Friday, September 2, 2016

August Employment Report Should Stop the Fed in September

The August Employment Report should stop the Fed from hiking at its September FOMC Meeting.  The Report joins yesterday's Mfg ISM in showing that the economic strength seen in June and July -- and cited by the Fed hawks for their desire to hike in September -- was temporary.  (I believe the June-July strength was just a catch-up after the weak May.)  

The Report suggests modest economic growth.   And, I would not be surprised if the Atlanta and NY Fed models eventually lower their nowcasts of Q3 Real GDP Growth (currently 3.2% and 2.8%, respectively).  But, the combination of modest growth, low inflation, and steady Fed policy should be positives for stocks and Treasuries.  

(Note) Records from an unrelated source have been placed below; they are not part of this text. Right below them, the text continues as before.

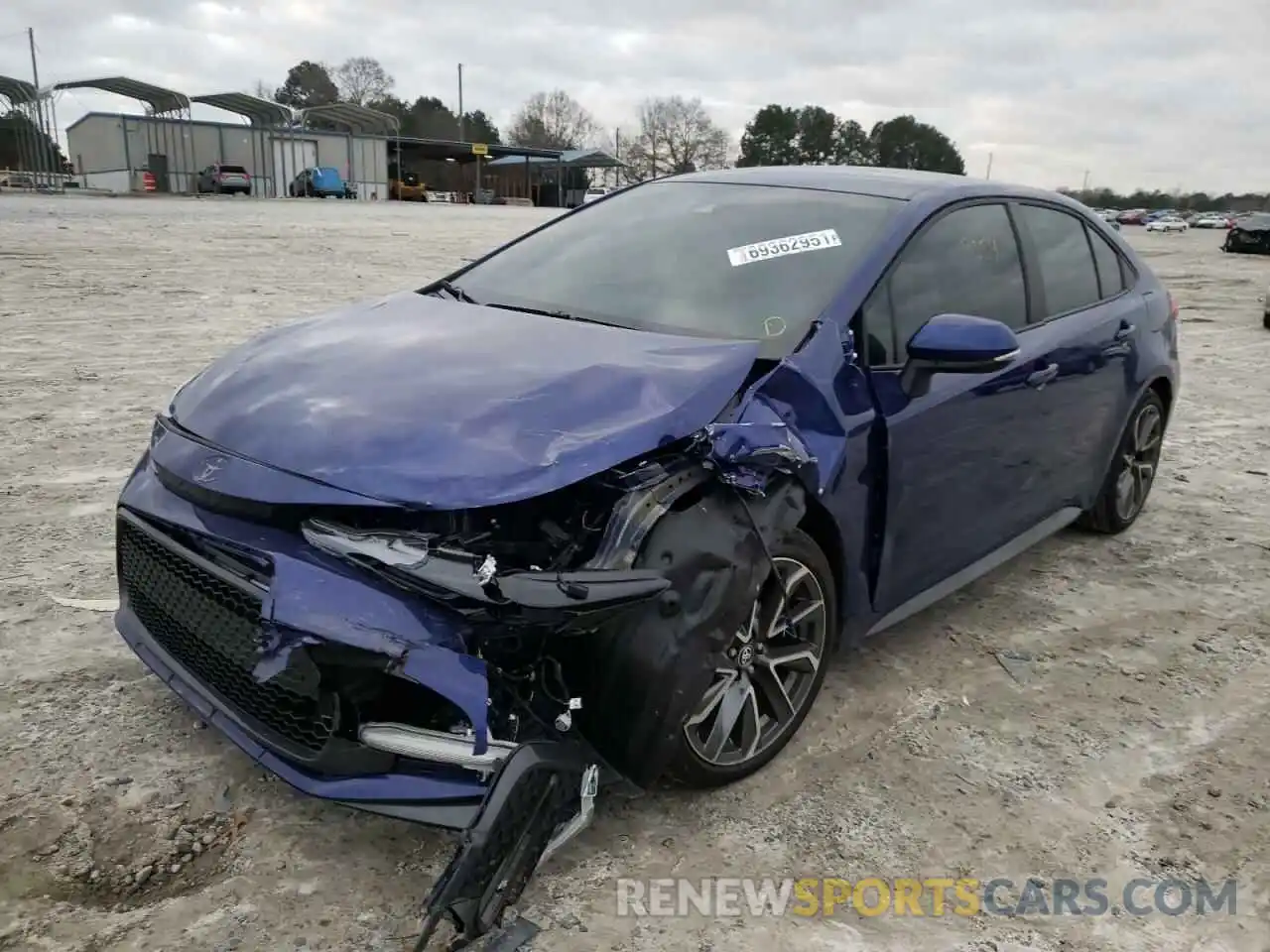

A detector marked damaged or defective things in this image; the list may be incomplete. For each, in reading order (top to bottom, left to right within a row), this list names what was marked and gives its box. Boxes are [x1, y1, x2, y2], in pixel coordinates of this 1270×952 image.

crumpled hood [173, 294, 756, 510]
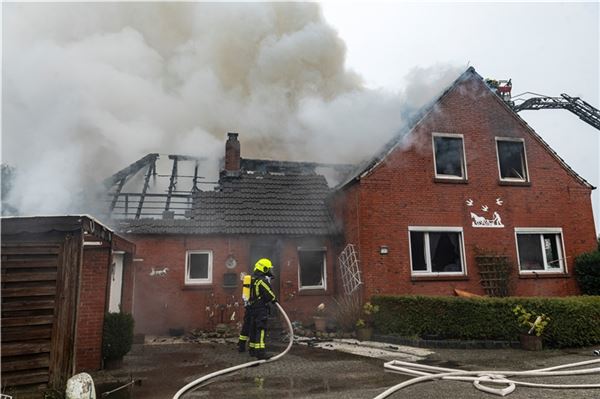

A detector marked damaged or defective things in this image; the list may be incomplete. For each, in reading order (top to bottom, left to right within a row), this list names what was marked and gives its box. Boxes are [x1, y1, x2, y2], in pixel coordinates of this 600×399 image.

broken window [434, 134, 466, 180]
broken window [494, 138, 528, 180]
broken window [185, 250, 213, 284]
broken window [298, 250, 326, 290]
broken window [408, 228, 464, 276]
broken window [516, 230, 564, 274]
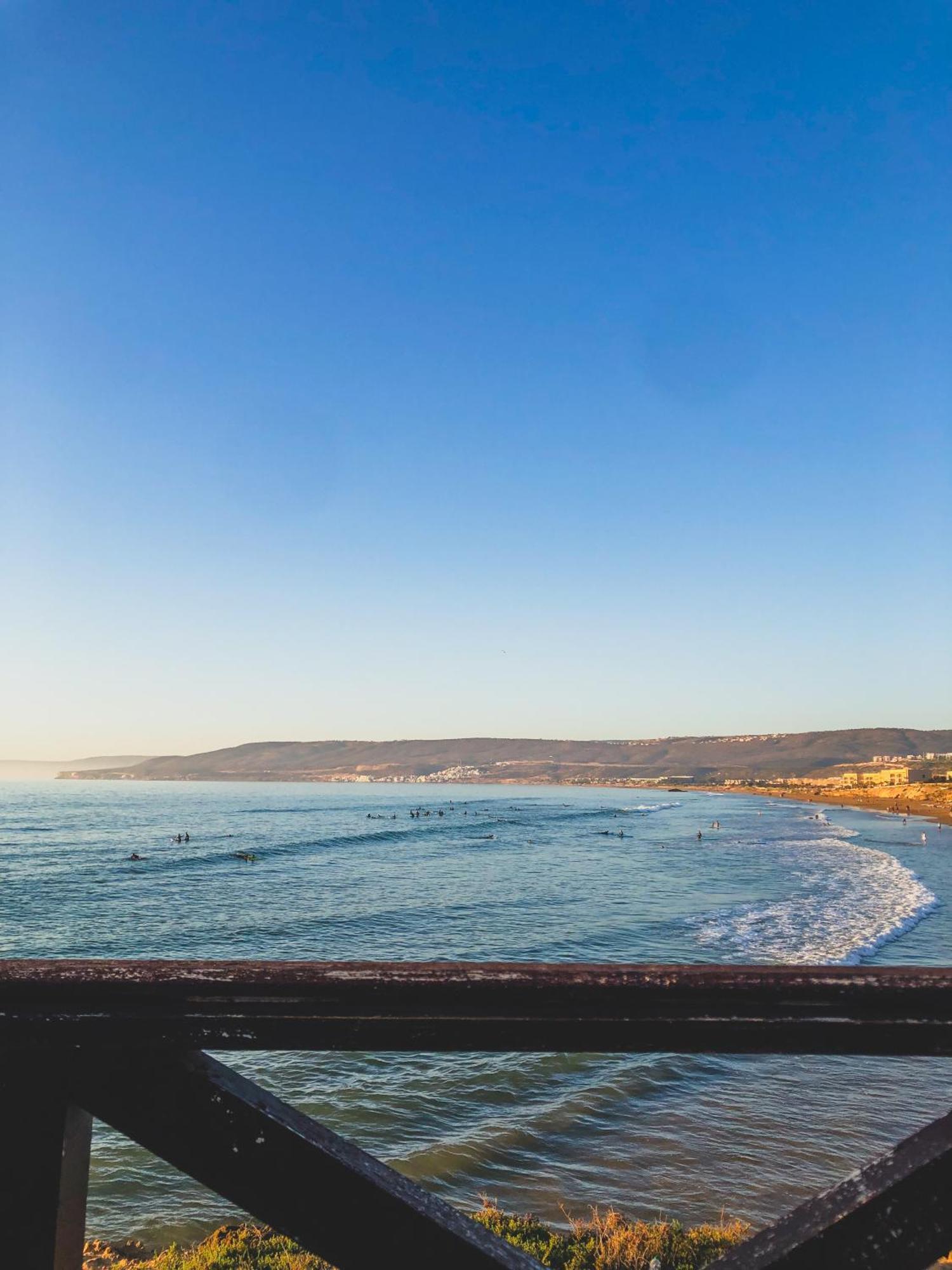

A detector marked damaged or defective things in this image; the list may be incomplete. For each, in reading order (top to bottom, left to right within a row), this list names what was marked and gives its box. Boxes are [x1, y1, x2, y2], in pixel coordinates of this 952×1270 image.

rusty metal railing [1, 960, 952, 1270]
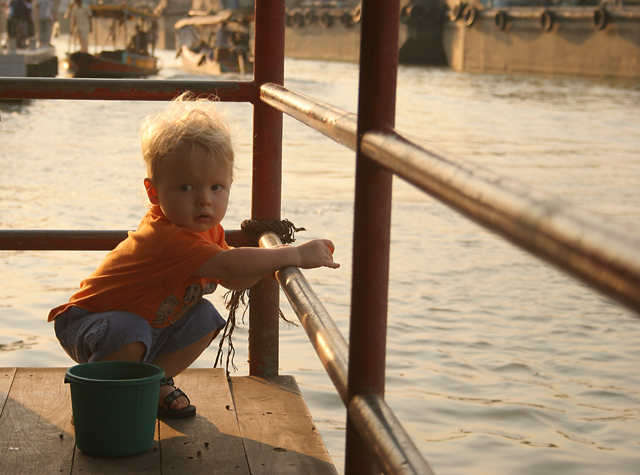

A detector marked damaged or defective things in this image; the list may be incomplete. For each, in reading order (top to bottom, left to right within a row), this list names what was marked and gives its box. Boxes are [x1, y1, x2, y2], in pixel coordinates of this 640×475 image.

rusty rope knot [215, 219, 304, 376]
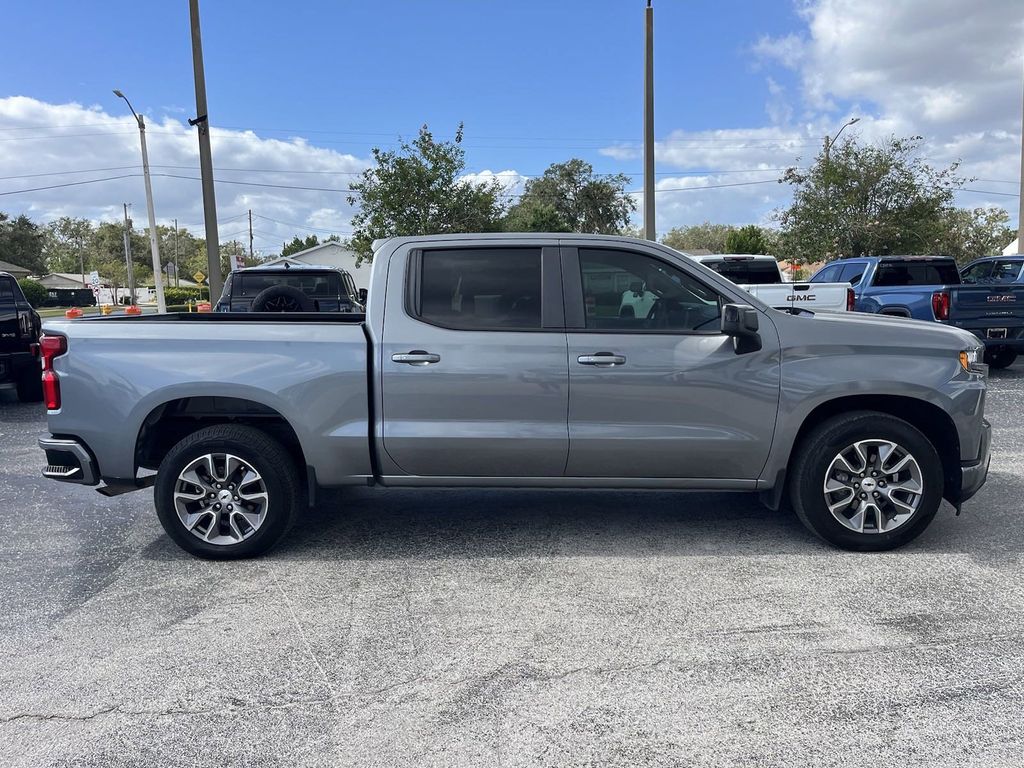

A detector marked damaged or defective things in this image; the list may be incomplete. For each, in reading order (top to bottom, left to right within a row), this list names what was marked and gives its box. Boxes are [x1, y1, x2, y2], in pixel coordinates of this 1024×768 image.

cracked asphalt [0, 368, 1020, 768]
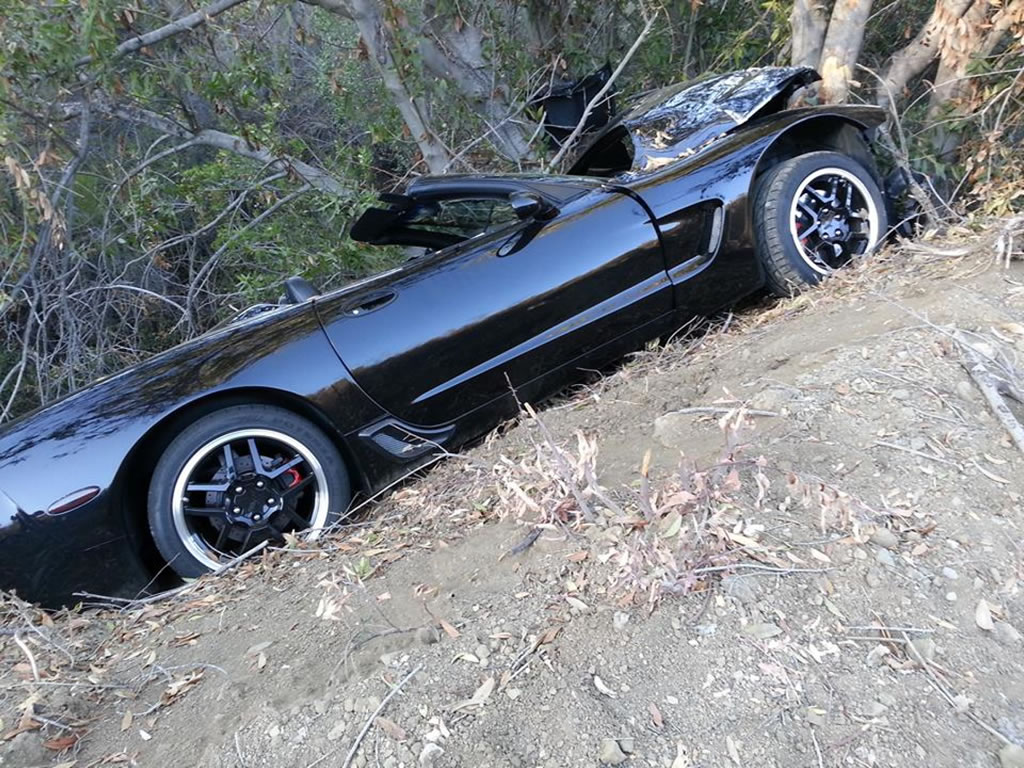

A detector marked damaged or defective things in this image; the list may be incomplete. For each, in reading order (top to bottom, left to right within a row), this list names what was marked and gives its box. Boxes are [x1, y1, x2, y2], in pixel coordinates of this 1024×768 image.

wrecked black corvette [0, 67, 888, 606]
crumpled hood [573, 66, 819, 176]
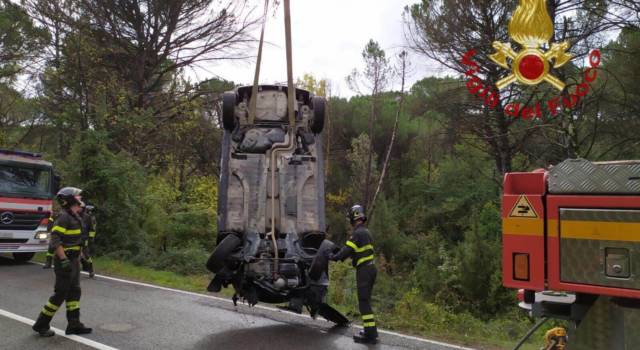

Note that my August Payroll estimate of +150k was almost dead-on.  It ranked 2 out of 150 estimates on Estimize.com.

Here are the salient points of the report:

1.  The 151k m/m increase in Nonfarm Payrolls is below the +186k m/m average from January through July.

2.  The cyclical sectors -- manufacturing and construction -- posted job declines.

3.  While the Unemployment Rate was steady at 4.9%, it rose to to 4.92% from 4.88% unrounded.

4.  The broader measure of Unemployment -- U6 -- was steady at 9.7%.

5.  Part-timers for Economic Reasons rose for the 2nd month in a row.

6.  The Nonfarm Workweek fell to 34.3 Hours from a downward-revised 34.4 Hours in July (was 34.5 Hours), arguing against a pickup in production.

       a.  August Manufacturing Output is likely to unwind the July jump.  Fed hawks had cited the July jump in arguing that economic growth was picking up.

7.  Average Hourly Earnings rose 0.1% m/m, pushing down the y/y to 2.4% from an upward-revised 2.7% in July.  The August y/y increase is the lowest since November 2015.